::: THE RECORDS :::

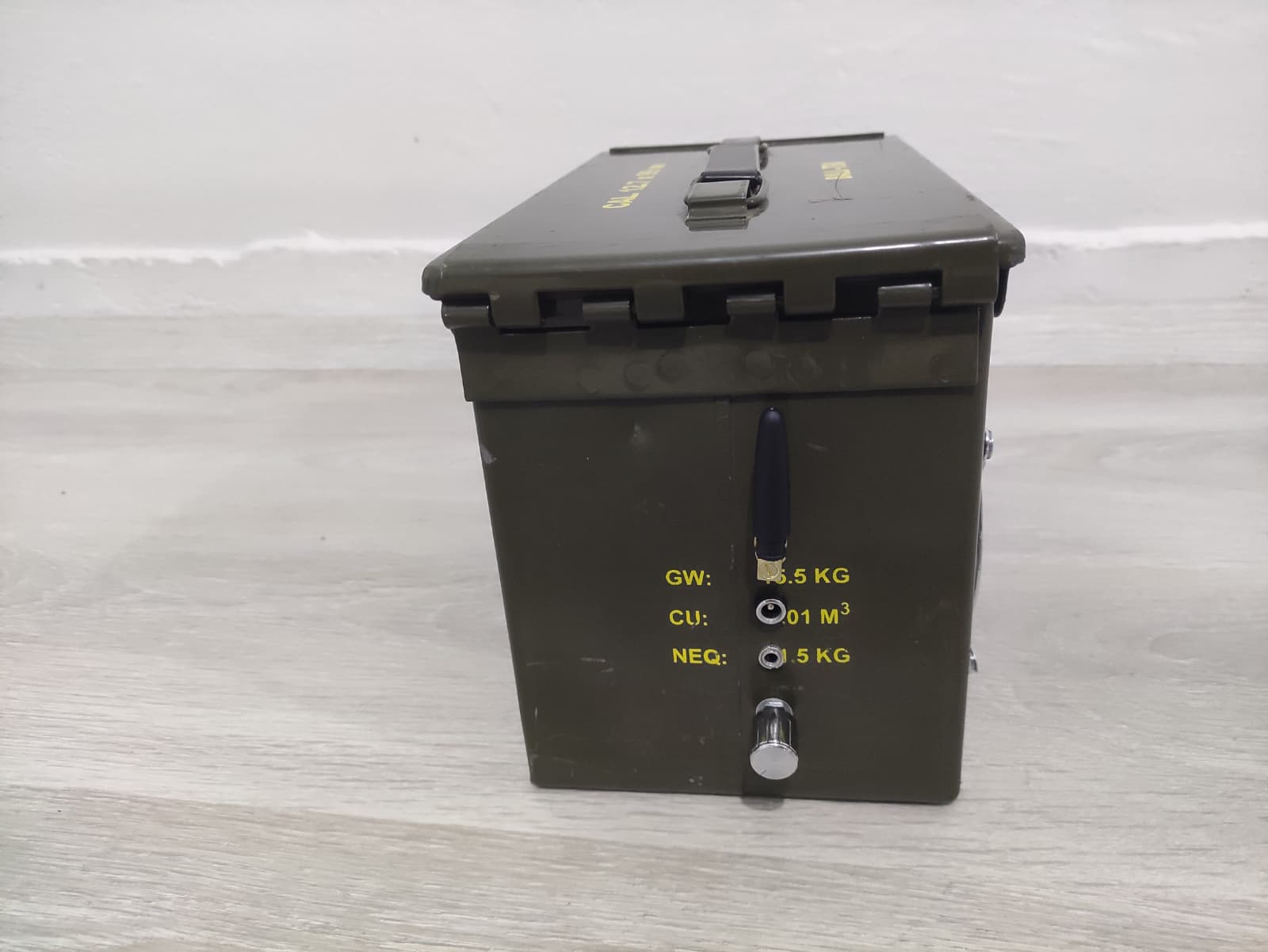 Rhodio Speaker - Açı 5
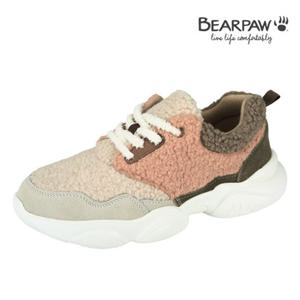 베어파우 여성 양털 스니커즈 ANNABEL K2176013OC-W 양모 스니커즈 운동화 털신발 겨울 캐주얼 신발 패션화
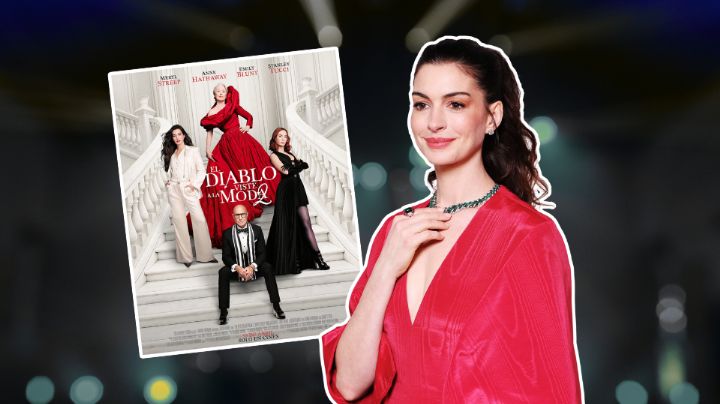 Anne Hathaway impone cambio clave en El diablo viste a la moda 2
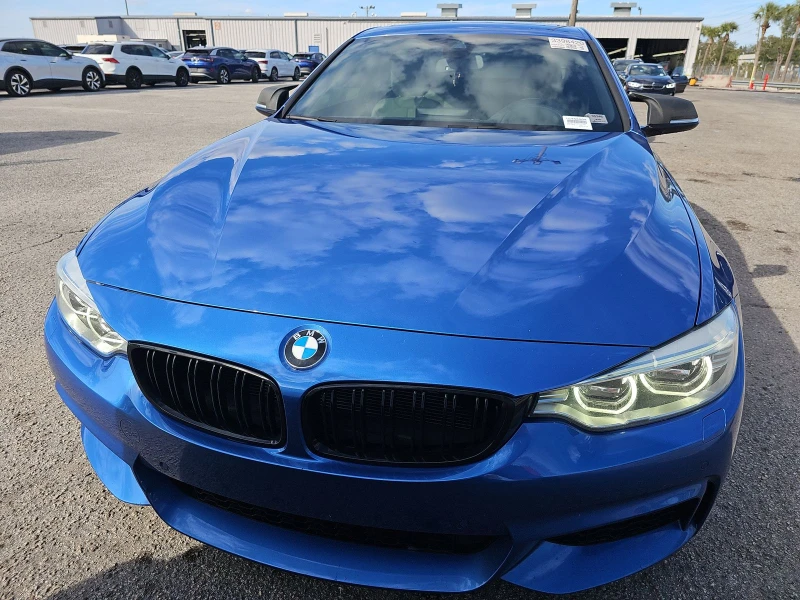 BMW 435 M-Sport Line* м.точка* хед-ъп* подгрев* keyless* , снимка 1 - Автомобили и джипове - 48954479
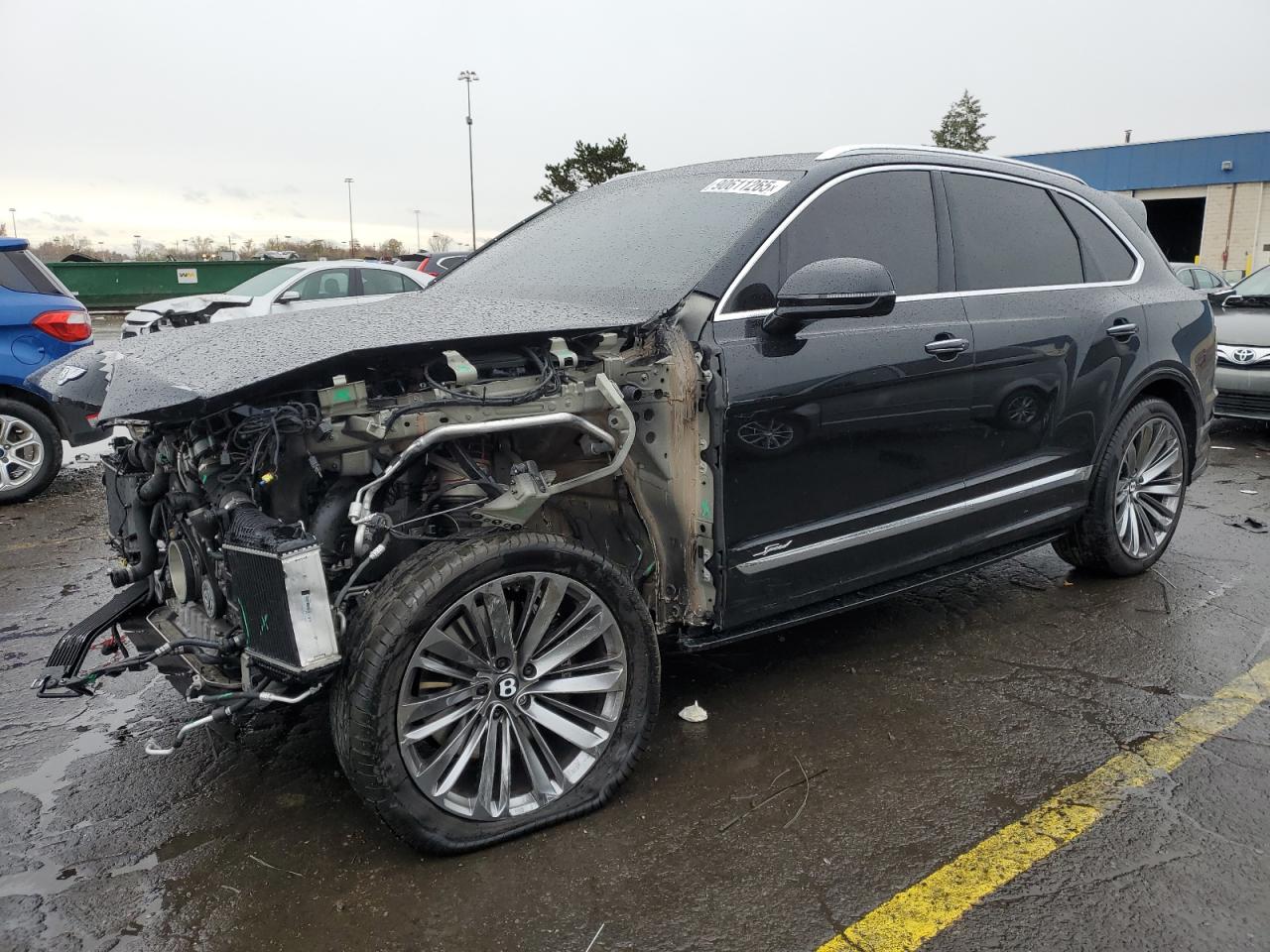 Bentley Bentayga S Speed Image 1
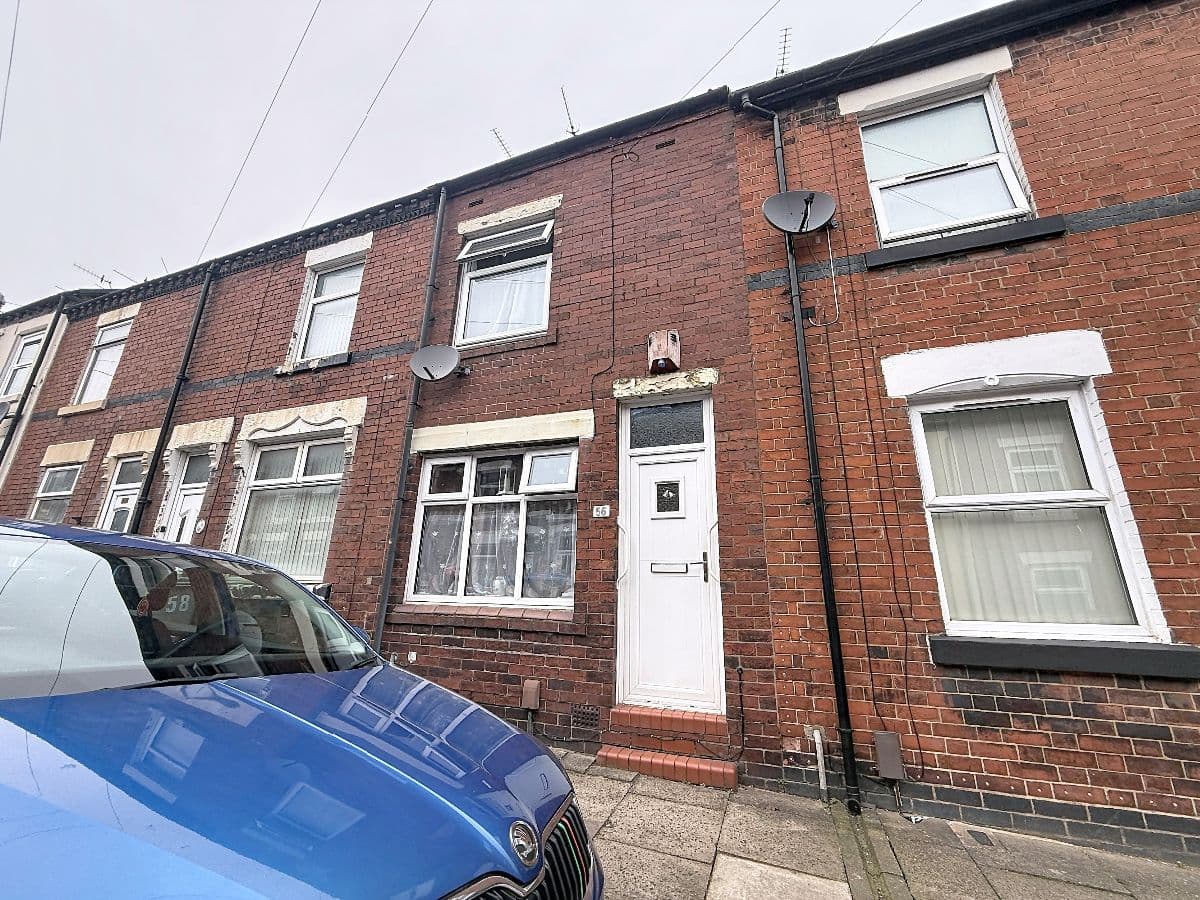 2 bed house in St Aidans Street, Stoke-on-Trent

:::

**ACTIVITY:**
Exactly restate the lines from the one holding "Anne Hathaway impone" to the final line of the records above, including both and excluding pictures.

**ANSWER SPACE:**
 Anne Hathaway impone cambio clave en El diablo viste a la moda 2
 BMW 435 M-Sport Line* м.точка* хед-ъп* подгрев* keyless* , снимка 1 - Автомобили и джипове - 48954479
 Bentley Bentayga S Speed Image 1
 2 bed house in St Aidans Street, Stoke-on-Trent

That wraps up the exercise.